Globally, aluminium smelting consumes enormous volumes of electricity for a proportionally small share of economic output. Matching that demand to the world’s largest untapped renewable energy resource is both a global efficiency gain and offers long-term pathways to resilience and independence of fuel supply chain disruptions. It is an unprecedented transformation that will be a cornerstone of African green industrialisation, industrial decarbonisation and globally efficient renewable energy use and is necessary to stay on track towards global net zero by 2050. We have no time to lose.
1. Africa’s Industrial Opportunity: Processing Bauxite at the Source
Africa has the raw material, untapped Renewable Energy (RE) potential, and the workforce to become a global producer of green aluminium. Guinea realises 95–98% of African bauxite exports. Virtually all Africa-mined bauxite is exported unprocessed, primarily to China, where it is refined into alumina and smelted into aluminium using fossil-intensive energy systems.
This pattern replicates across extractive industries continent-wide: Africa exports the raw commodity and forfeits the industrial value. In aluminium, the value multiplication is stark. Africa’s bauxite exports generate approximately $9.2 billion per year. Retaining the refining and smelting steps on the continent would increase that figure to nearly $83.7 billion — a ninefold increase.
New jobs, new value, new capability
Processing all bauxite exported from Africa into green aluminium would:
- Generate ~240,000 permanent operational jobs, with 63% driven by RE operation, and ~1.8 million construction job-years, split roughly equally between industrial facility build-out and the renewable energy infrastructure that powers it.
- Reduce associated emissions from 246 MT to 29 MT CO₂e, avoiding ~220 MT each year — an 88% reduction.
- Retain nearly $84 billion annually on the continent, up from $9.2 billion in raw bauxite exports.
The majority of jobs stem from Africa’s renewable-energy build-out and operation, underscoring the centrality of clean energy in enabling competitive green industry. The smelting step — the most electricity-intensive stage of aluminium production — drives the bulk of both the employment and the emissions reduction potential.
Methodology: Estimating job opportunities
Figure 2 details the methodology and assumptions. A bibliography of sources can be found in the Annex. Jobs associated with load balancing and storage in the broader energy system transformation are not included.
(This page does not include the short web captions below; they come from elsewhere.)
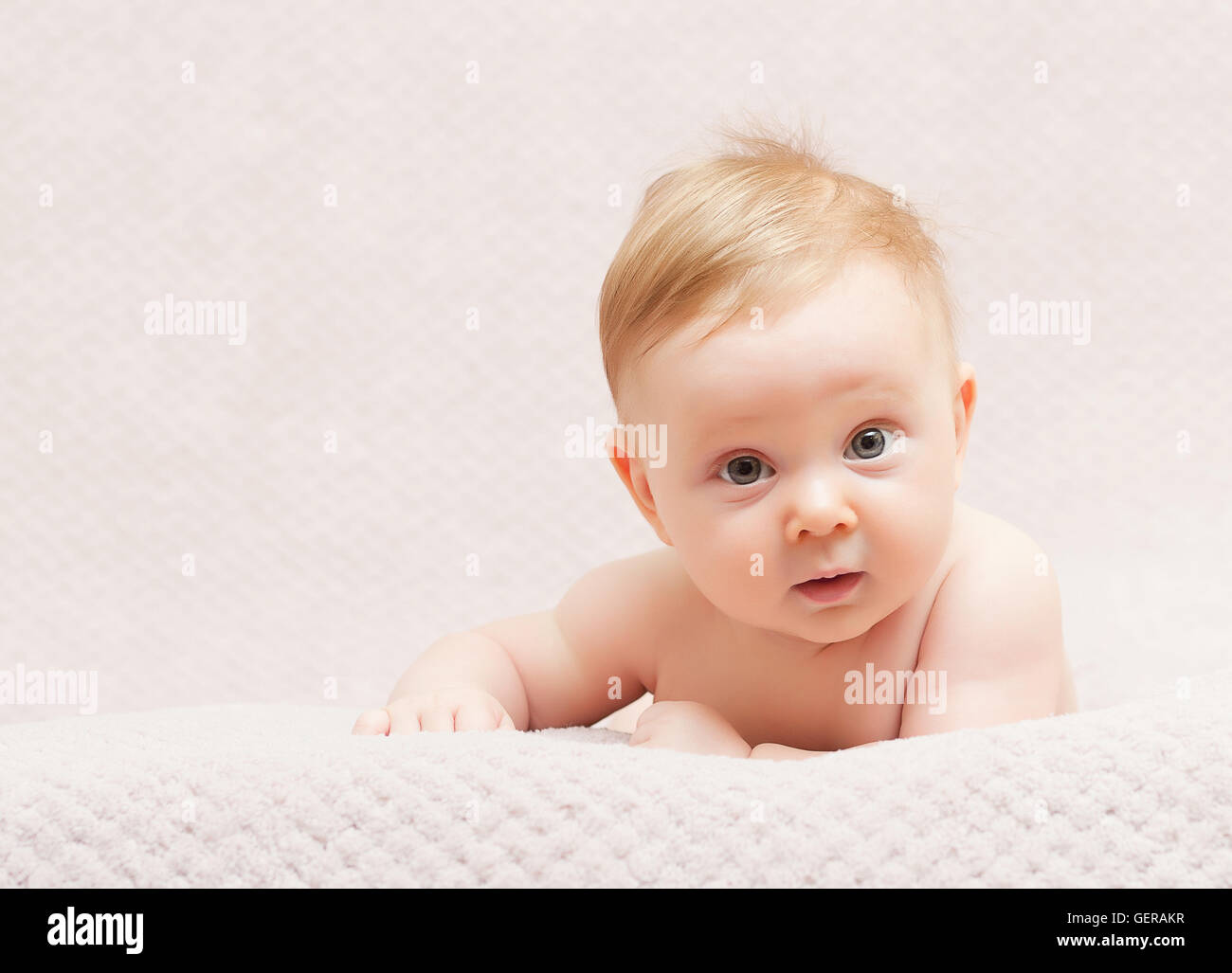 Ritratto di neonato caucasico con fiore rosa cappello di lana Foto Stock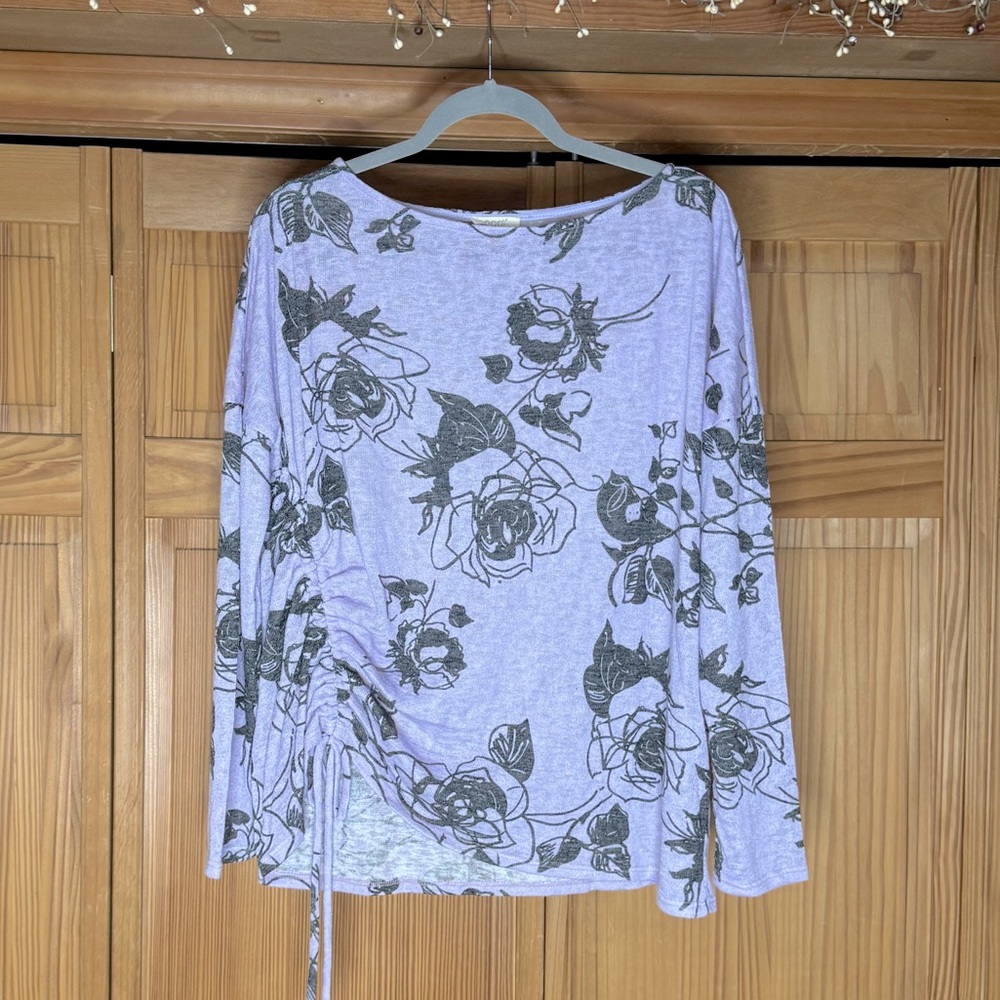 NWOT ODDY Floral Print Side Ruched Women's Top - Light Purple with Black Flowers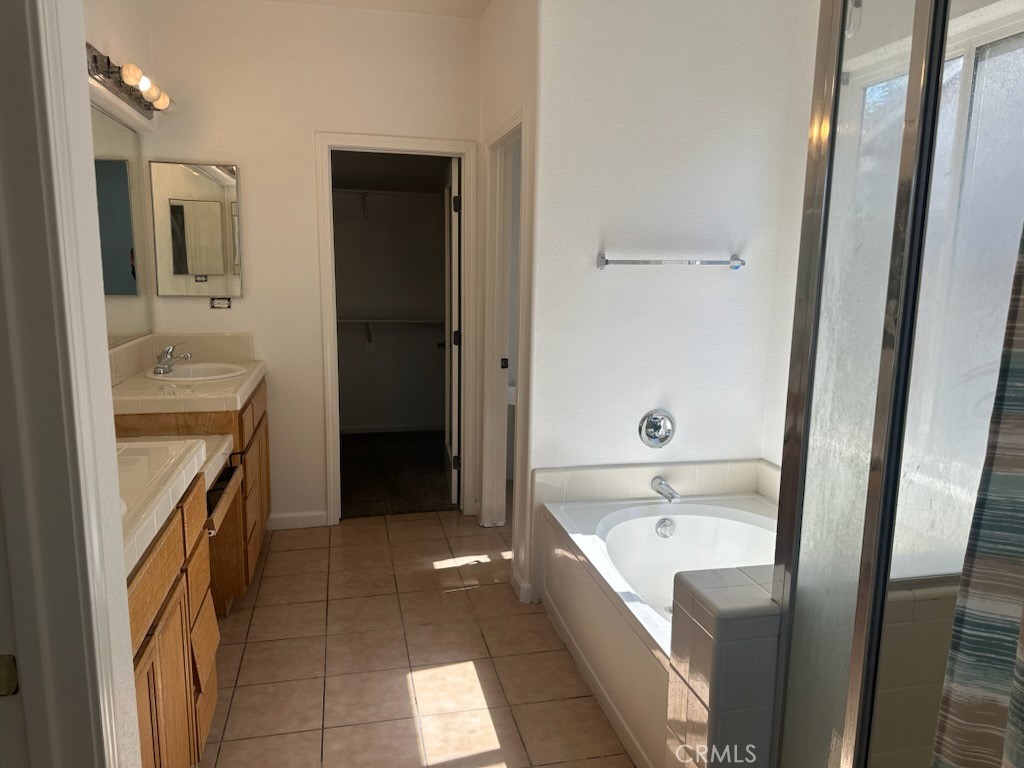 423 Pisa St, Los Banos, CA 93635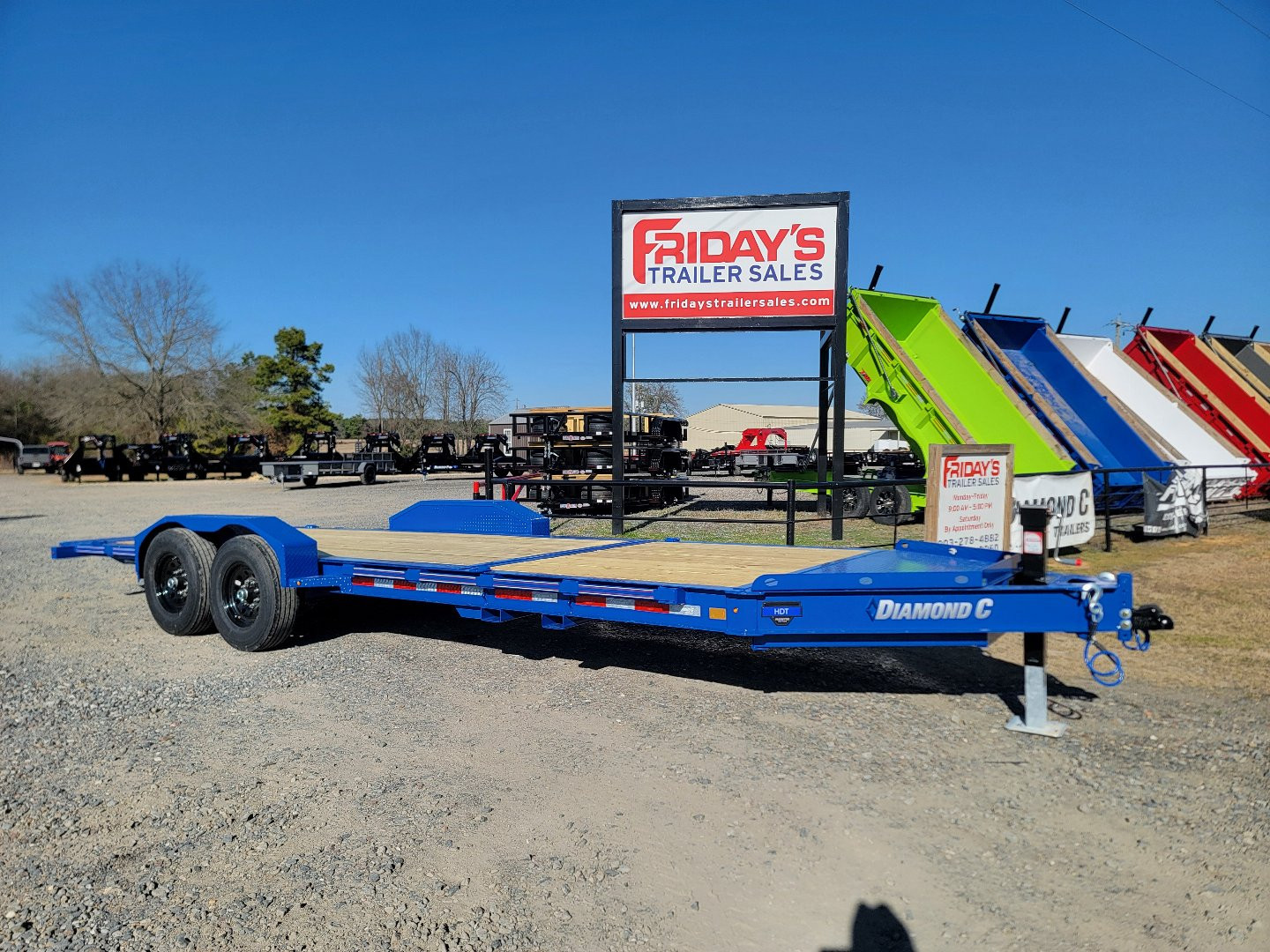 New 2025 Diamond C HDT207 22'x82" Tilt Trailer Pacesetter Edition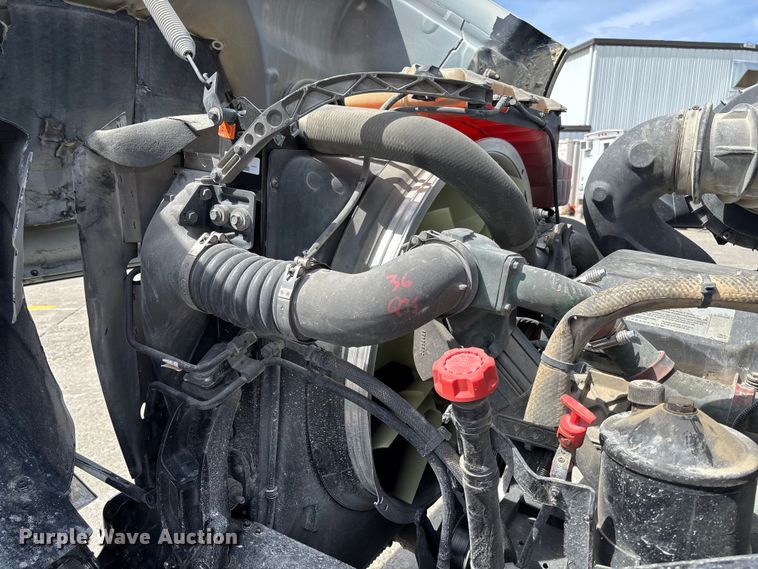 image for item FB3318 2014 Volvo VHD ready mix truck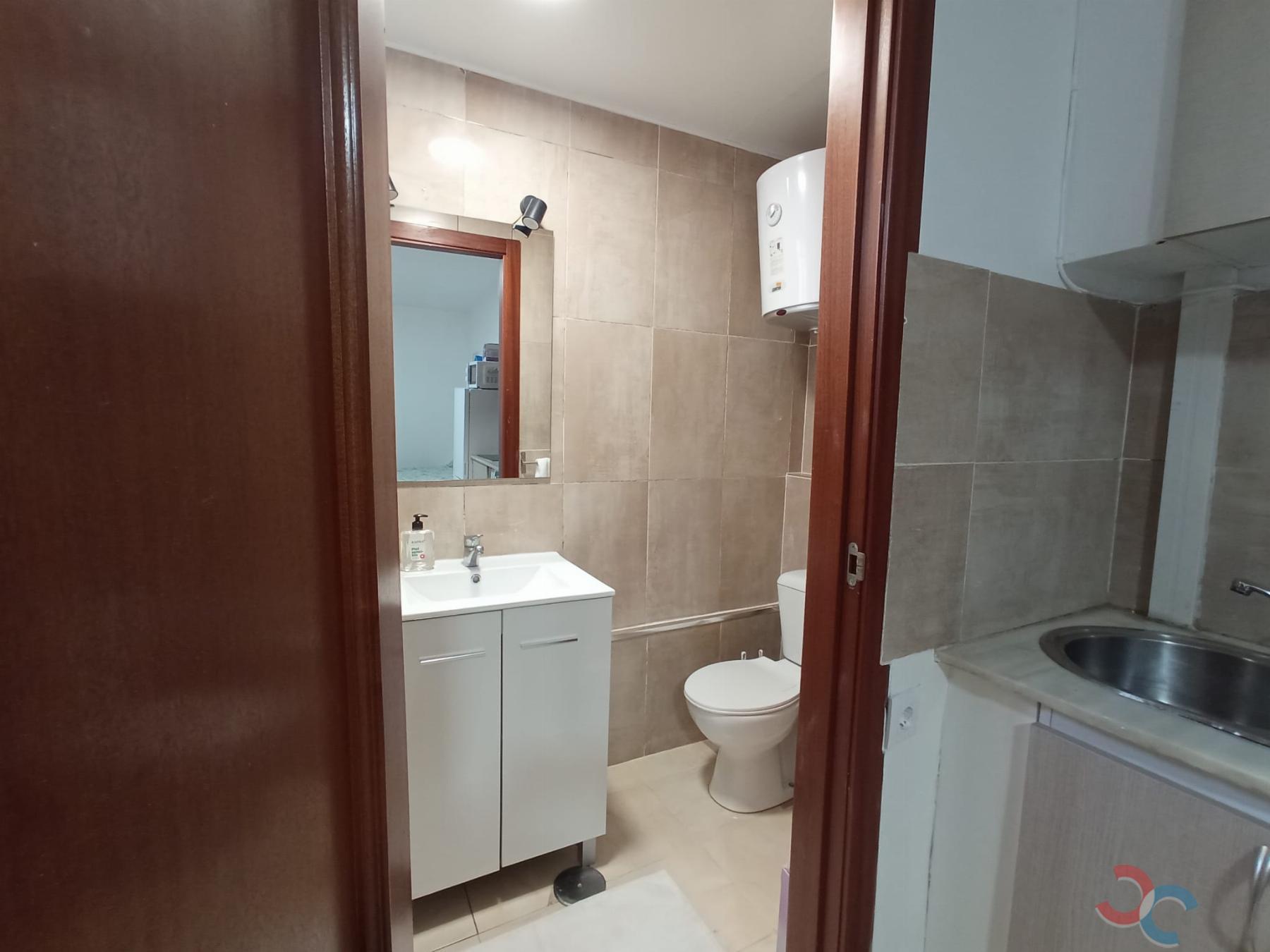 For sale of study in Marín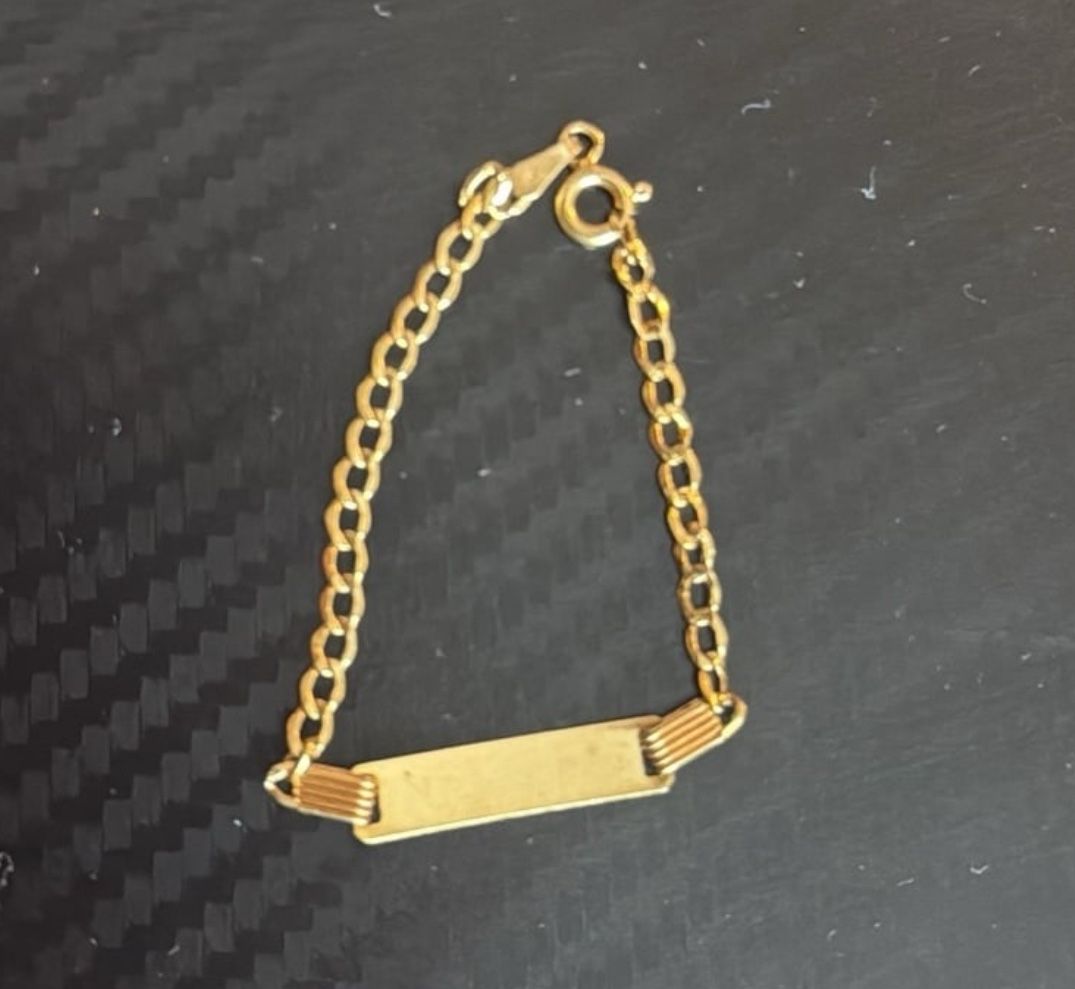 Bracelet
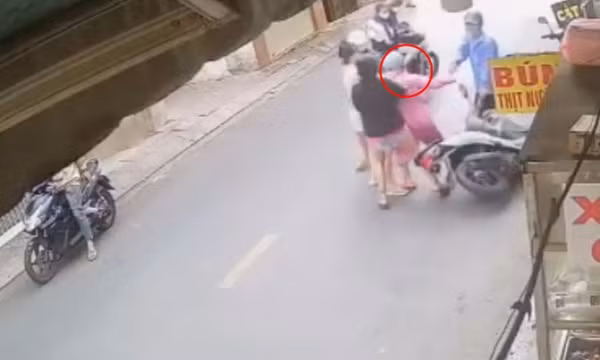 Xác minh vụ 5 người chặn đánh cô gái trẻ vì nghi 'giật chồng'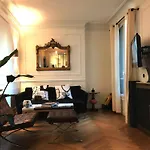 Montmartre Parisian Apartment - Full 51 M2
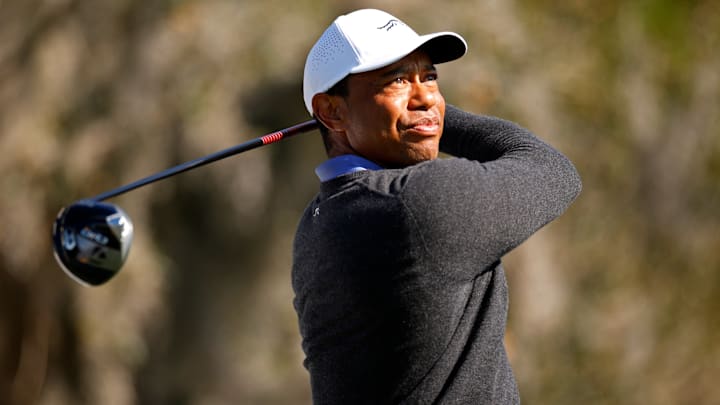 Woods played golf publicly Friday for the first time since missing the cut at the British Open in July.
2. Global Climate Impact: ~220 MT CO₂e of Emissions Reduced
Shifting aluminium processing to Africa and powering it with renewable energy would cut global emissions associated with African bauxite from 246 MT to 29 MT CO₂e — a ~220 MT annual reduction. This represents an 88% decrease and constitutes one of the single largest decarbonisation levers available in the global aluminium system.
The emissions profile of aluminium production is dominated by electricity consumption in the smelting step. Notwithstanding a global shift towards increased use of renewable energy, many current smelting destinations — primarily China — still have a substantial portion of coal-based grid electricity, which accounts for the majority of associated emissions (Scope 2). Processing in Africa using renewable energy for smelting eliminates these electrical emissions entirely. Thermal emissions from the refining step are reduced but not eliminated, with LNG replacing coal as the near-term transition fuel (Scope 1).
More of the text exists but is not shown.